Engineering Computations Module 2: Take off with stats
online resourceposted on 05.12.2017, 23:18 by Lorena A. BarbaLorena A. Barba, Natalia C. ClementiNatalia C. Clementi
—Original material written as Jupyter Notebooks for an undergraduate engineering course, Fall 2017
Module 2: Take off with stats
The first module of this course, "Get data off the ground," assumed no coding experience and created a foundation with Python programming constructs and data structures. You learned to play with strings, lists and NumPy arrays, using indexing, slicing, for- and if-statements, and functions. The second course module explores practical statistical analysis with Python.

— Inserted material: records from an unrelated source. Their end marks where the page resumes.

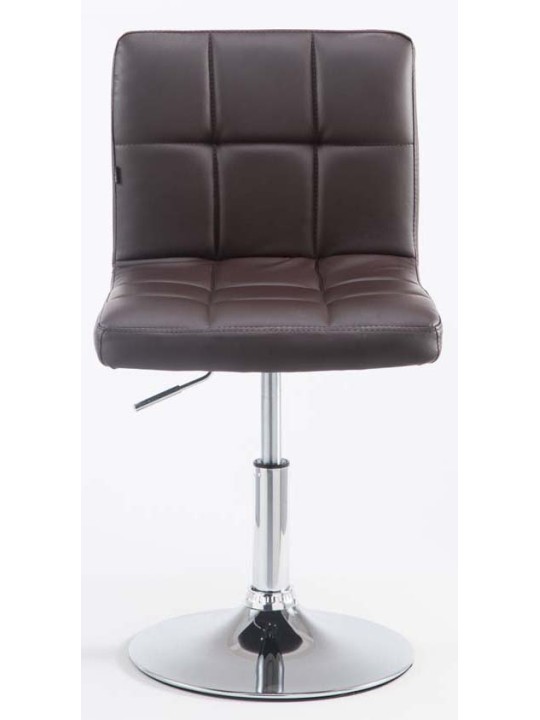 Set 2 taburete de bar Palma V2 imitatie piele, maro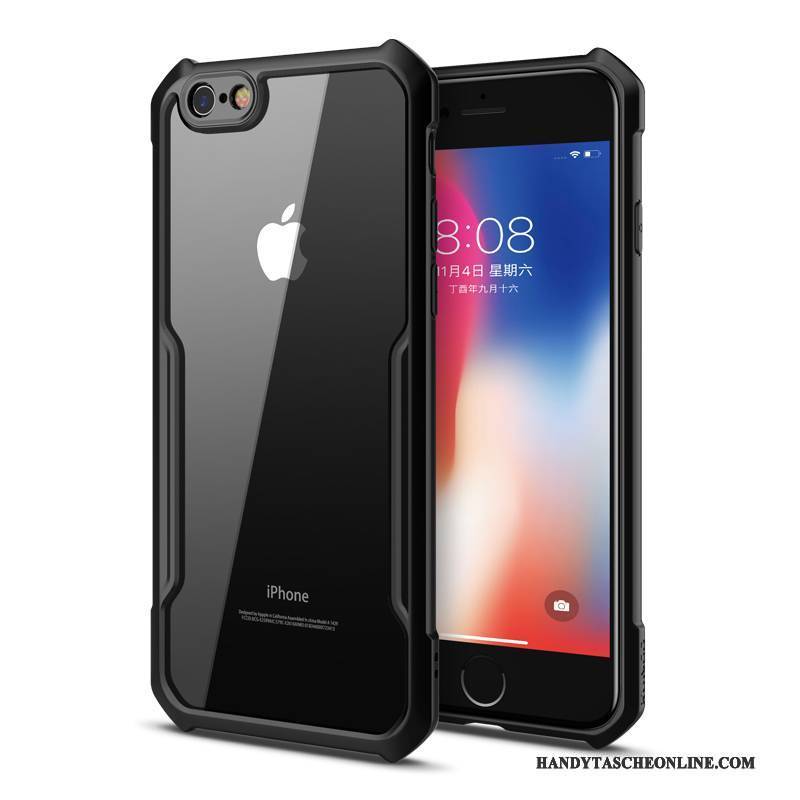 Hülle iPhone 6/6s Plus Silikon Schwarz Anti-sturz, Case iPhone 6/6s Plus Taschen Handyhüllen Transparent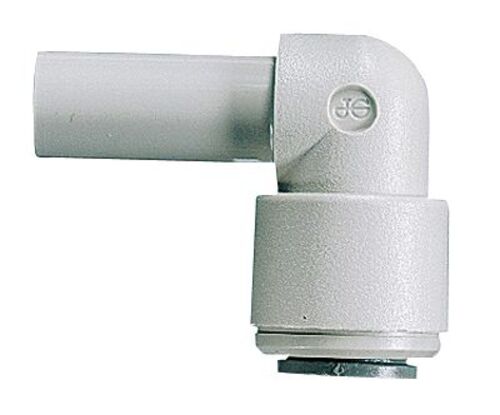 John Guest Push-to-connect stem elbow adapters, 5/16"×5/16", 10/pack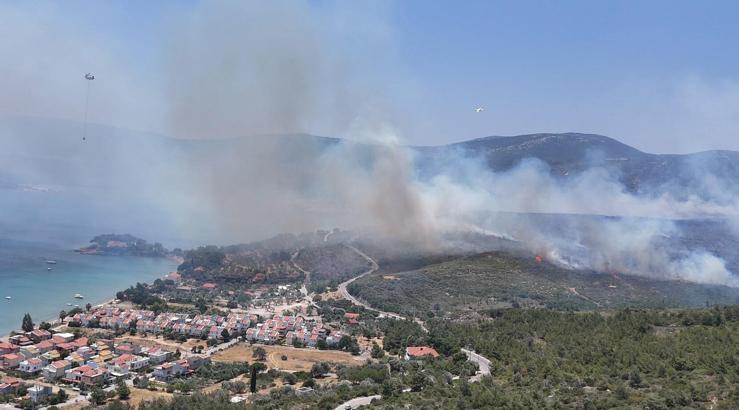 İzmir'de orman yangını (2)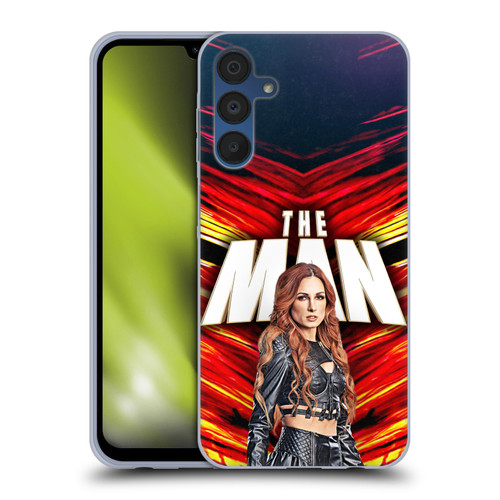 WWE Becky Lynch The Man Soft Gel Case for Samsung Galaxy A15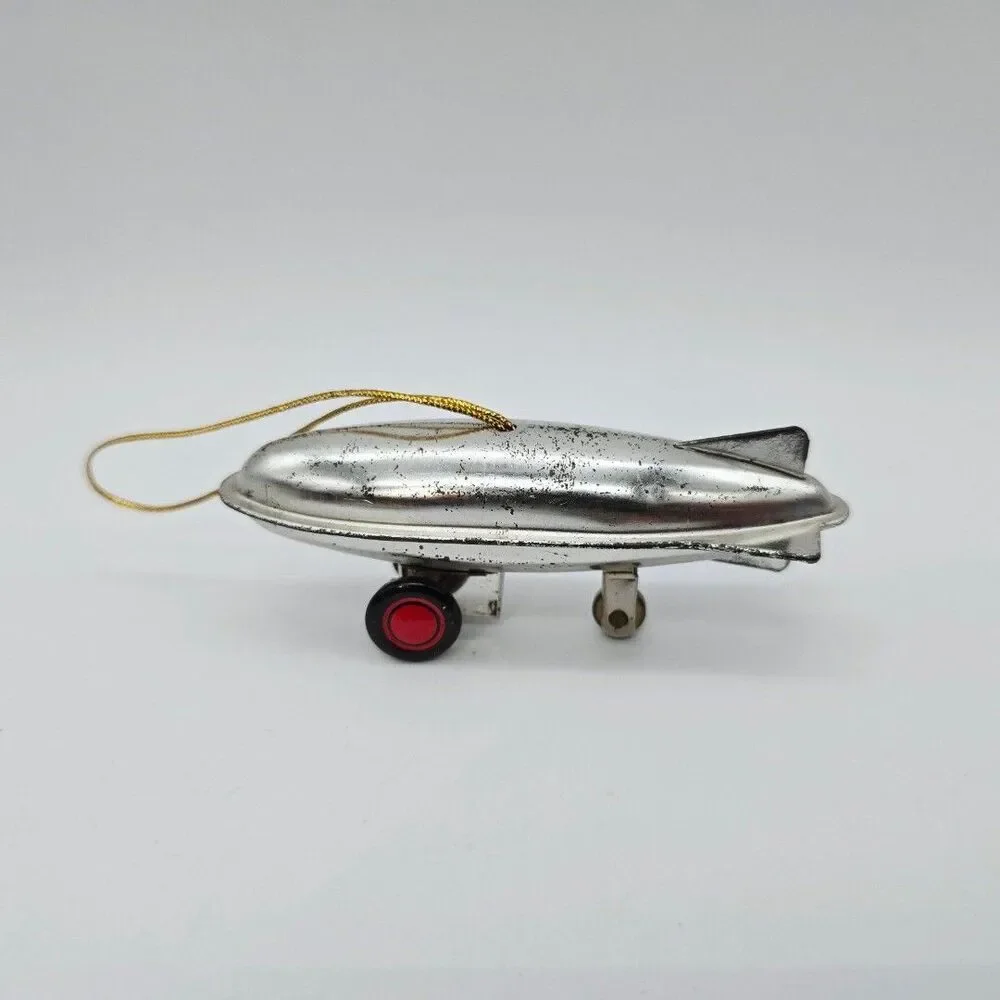 Vintage Graf Zeppelin Tin Ornament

Lesson 1: Cheers! Stats with beers
Exploratory analysis using a data set of canned craft beers in the US. Introduces the pandaslibrary and its data types: Data Frames and Series. Use pandas to read a data file, extract selected columns, and remove null values. Descriptive statistics: measures of central tendency and variability. Distribution plots: histograms with Matplotlib. Comparing with a normal distribution.
Lesson 2: Seeing stats in a new light
Continuing with the data set of canned craft beers, this lesson focuses on visualizing statistics. For quantitative data: histograms and box plots; for categorical data: bar plots. Visualizing multiple data with scatter plots and bubble charts.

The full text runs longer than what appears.